Comment expliquer que le Nigeria qui a souvent joué au « gendarme » de l’Afrique n’arrive pas à se défaire de Boko Haram ?  Les nombreux faits de corruption révélés au sein de l’armée est un début de réponse. Il a fallu l’intervention des pays voisins pour connaître des avancées significatives dans la lutte contre la mouvance islamiste. Cette coopération militaire était devenue inévitable même si le Nigéria a souvent entretenu des relations conflictuelles avec ses voisins (Cameroun, Tchad). Le problème Boko Haram s’est transposé dans l’espace régionale. La menace est aujourd’hui toujours vivace malgré les succès sur le terrain. L’action militaire qui s’inscrit dans la durée peut affaiblir le groupe islamiste, mais une éradication totale semble difficile à imaginer. L’État nigérian sera appelé à trouver d’autres solutions alternatives pour lutter plus efficacement contre cet ennemi déterminé et disposant de moyens importants pour agir dans cette région.
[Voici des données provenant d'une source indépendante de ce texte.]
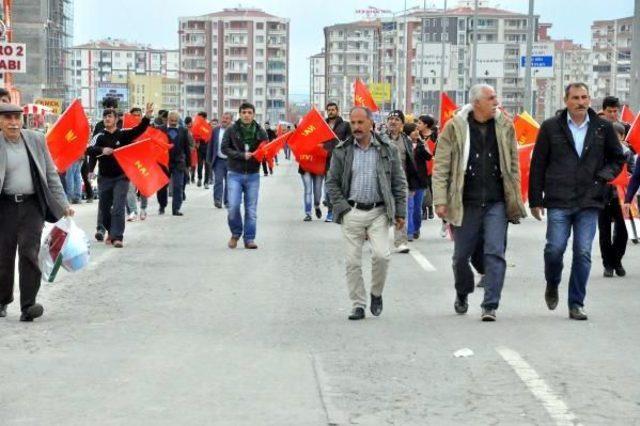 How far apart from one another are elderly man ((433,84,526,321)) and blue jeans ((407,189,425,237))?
7835 millimetres

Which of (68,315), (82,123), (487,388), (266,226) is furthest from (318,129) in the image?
(487,388)

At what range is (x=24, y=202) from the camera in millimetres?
11078

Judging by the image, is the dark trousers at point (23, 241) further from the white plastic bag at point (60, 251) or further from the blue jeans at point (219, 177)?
the blue jeans at point (219, 177)

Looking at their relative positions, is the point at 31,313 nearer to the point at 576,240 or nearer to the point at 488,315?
the point at 488,315

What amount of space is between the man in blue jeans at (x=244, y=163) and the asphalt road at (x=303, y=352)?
2.03 meters

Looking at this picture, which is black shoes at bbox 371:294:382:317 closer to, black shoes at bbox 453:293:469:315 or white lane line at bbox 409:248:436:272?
black shoes at bbox 453:293:469:315

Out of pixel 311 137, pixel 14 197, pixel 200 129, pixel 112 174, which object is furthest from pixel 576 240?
pixel 200 129

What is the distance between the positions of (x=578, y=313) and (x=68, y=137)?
22.8ft

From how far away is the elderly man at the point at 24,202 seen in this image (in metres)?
11.0

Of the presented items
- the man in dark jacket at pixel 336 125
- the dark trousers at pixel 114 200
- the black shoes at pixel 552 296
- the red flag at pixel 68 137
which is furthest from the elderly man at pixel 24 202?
the man in dark jacket at pixel 336 125

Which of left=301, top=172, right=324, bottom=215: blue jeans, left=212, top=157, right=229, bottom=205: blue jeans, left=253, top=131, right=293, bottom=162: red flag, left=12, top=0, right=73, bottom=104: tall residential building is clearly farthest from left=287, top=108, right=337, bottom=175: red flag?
left=12, top=0, right=73, bottom=104: tall residential building

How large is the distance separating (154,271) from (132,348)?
5.55m

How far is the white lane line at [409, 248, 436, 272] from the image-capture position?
1552 cm

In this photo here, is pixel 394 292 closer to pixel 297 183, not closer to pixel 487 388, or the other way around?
pixel 487 388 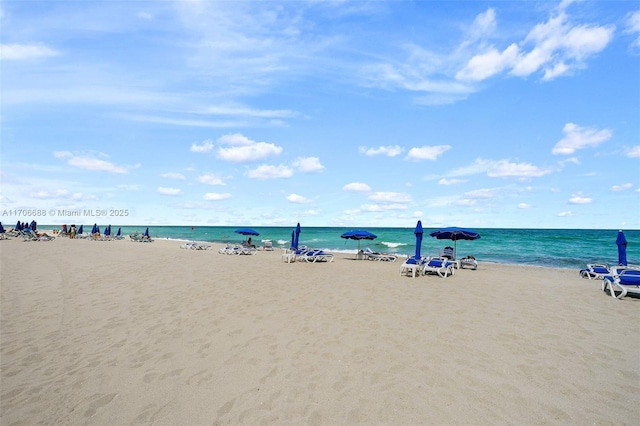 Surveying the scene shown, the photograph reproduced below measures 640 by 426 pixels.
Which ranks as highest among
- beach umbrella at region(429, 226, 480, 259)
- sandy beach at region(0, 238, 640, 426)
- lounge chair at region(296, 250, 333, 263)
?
beach umbrella at region(429, 226, 480, 259)

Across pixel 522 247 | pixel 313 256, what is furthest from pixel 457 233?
pixel 522 247

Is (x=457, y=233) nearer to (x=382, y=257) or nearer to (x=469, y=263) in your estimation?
(x=469, y=263)

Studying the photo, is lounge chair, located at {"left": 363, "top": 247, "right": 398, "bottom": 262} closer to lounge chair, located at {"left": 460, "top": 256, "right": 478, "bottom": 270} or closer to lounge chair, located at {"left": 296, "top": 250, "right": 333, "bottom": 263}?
lounge chair, located at {"left": 296, "top": 250, "right": 333, "bottom": 263}

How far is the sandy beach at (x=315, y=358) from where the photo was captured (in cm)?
366

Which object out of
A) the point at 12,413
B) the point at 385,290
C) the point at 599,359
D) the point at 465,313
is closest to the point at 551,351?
the point at 599,359

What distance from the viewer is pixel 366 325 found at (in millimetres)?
6277

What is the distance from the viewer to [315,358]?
15.9 ft

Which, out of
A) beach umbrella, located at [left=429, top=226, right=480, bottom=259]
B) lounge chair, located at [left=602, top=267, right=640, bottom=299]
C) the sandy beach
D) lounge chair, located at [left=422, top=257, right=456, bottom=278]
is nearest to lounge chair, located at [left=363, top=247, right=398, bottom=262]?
beach umbrella, located at [left=429, top=226, right=480, bottom=259]

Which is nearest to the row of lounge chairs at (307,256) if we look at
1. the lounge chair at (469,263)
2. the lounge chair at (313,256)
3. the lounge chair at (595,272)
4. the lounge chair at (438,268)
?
the lounge chair at (313,256)

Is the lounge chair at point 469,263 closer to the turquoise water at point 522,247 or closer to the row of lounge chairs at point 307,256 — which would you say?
the row of lounge chairs at point 307,256

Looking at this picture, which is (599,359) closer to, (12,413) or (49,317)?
(12,413)

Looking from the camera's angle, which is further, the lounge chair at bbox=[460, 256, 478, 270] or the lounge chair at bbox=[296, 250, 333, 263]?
the lounge chair at bbox=[296, 250, 333, 263]

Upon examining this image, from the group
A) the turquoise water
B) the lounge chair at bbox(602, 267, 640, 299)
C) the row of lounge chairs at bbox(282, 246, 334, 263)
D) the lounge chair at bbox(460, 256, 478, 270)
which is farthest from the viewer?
the turquoise water

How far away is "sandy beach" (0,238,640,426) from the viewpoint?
366cm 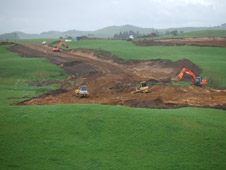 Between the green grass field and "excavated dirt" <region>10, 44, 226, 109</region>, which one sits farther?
"excavated dirt" <region>10, 44, 226, 109</region>

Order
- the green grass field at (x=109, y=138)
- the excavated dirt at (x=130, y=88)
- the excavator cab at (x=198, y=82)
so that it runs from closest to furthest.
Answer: the green grass field at (x=109, y=138)
the excavated dirt at (x=130, y=88)
the excavator cab at (x=198, y=82)

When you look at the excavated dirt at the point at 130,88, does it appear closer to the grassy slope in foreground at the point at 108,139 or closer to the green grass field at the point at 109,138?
the grassy slope in foreground at the point at 108,139

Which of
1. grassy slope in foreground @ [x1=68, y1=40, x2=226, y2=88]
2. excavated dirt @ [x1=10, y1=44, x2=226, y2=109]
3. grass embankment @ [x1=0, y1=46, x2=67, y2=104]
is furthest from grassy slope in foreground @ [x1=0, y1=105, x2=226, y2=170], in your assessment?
grassy slope in foreground @ [x1=68, y1=40, x2=226, y2=88]

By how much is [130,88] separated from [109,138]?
66.4 feet

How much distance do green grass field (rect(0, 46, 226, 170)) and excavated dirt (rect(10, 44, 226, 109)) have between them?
772 cm

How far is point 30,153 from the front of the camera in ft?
43.7

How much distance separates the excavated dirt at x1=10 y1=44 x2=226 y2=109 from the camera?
27000 millimetres

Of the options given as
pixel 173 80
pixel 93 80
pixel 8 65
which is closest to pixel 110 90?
pixel 93 80

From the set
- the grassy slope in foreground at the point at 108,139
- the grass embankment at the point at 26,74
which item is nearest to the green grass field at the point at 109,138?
the grassy slope in foreground at the point at 108,139

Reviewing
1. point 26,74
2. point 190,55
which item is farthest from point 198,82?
point 26,74

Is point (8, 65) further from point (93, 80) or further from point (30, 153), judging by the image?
point (30, 153)

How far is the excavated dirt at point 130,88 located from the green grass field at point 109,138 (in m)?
7.72

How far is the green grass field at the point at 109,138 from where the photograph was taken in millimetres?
13047

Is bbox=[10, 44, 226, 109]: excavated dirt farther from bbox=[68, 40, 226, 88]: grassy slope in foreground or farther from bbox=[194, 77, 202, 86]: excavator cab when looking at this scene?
bbox=[68, 40, 226, 88]: grassy slope in foreground
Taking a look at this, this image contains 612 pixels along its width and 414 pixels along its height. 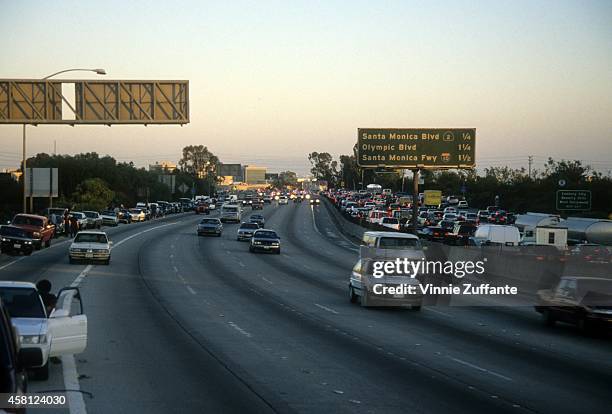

Une nouvelle dynamique sur le plan militaire amorcée en 2009 a permis a la Mauritanie d’être plus efficace dans sa lutte contre le terrorisme. Aujourd’hui, la sécurité du territoire mauritanien est beaucoup mieux assurée. Son armée a mené des attaques contre des bases d’Aqmi dans le nord du Mali. Cette offensive lui a permis à plusieurs reprises, d’anticiper et de déjouer des attaques terroristes, qui la visaient. Mais quel que soit le niveau d’engagement d’un pays, sans une coopération sous-régionale les effets resteront limités.

le G5 sahel (le Burkina Faso, le Mali, la Mauritanie, le Niger et le Tchad), créée en décembre 2014 à Nouakchott sous l’impulsion du président Mauritanien Aziz est  un mécanisme ayant pour objectif de coordonner les politiques de développement et de sécurité des pays  de ce cercle. Ces Etats ont identifié de manière précise les besoins et des projets essentiels pour la région comme le désensablement du fleuve Niger, le bitumage de routes régionales, la création d’interconnections électriques entre le Mali et la Mauritanie, le Mali, le Burkina et le Niger. Un Comité d’Etat-major Opérationnel Conjoint (CEMOC) entre les pays du champ regroupant (Algérie, Mali, Mauritanie et Niger) et un centre de renseignement contre le terrorisme dans le sahel (unité de fusion et de liaison), ont vu le jour en 2010.  Ces structures sont chargées de collecter et d’échanger des informations sur les groupes terroristes qui présentent un risque pour leur espace.

La lutte contre le terrorisme est passée du stade d’abstrait à la phase réelle. Les choses demandent à être améliorées mais les cercles de coopération existent et il faut renforcer leur efficacité. L’échange des renseignements en temps réel, l’intensification des patrouilles motorisées le long des frontières  et le partage des expériences doivent être des réflexes systématiques entre les Etats. Une coopération internationale viendra toujours en appui aux initiatives régionales pour permettre aux pays africains de faire reculer le terrorisme. L’appui en renforcement des capacités, en formation et en logistique sont des actions nécessaires pour une coopération accrue. Une bonne coordination et une réponse commune sont les seuls gages d’un succès dans la lutte contre le terrorisme en Afrique. Tous les pays doivent avoir le même niveau d’implication dans les stratégies de lutte contre le fléau.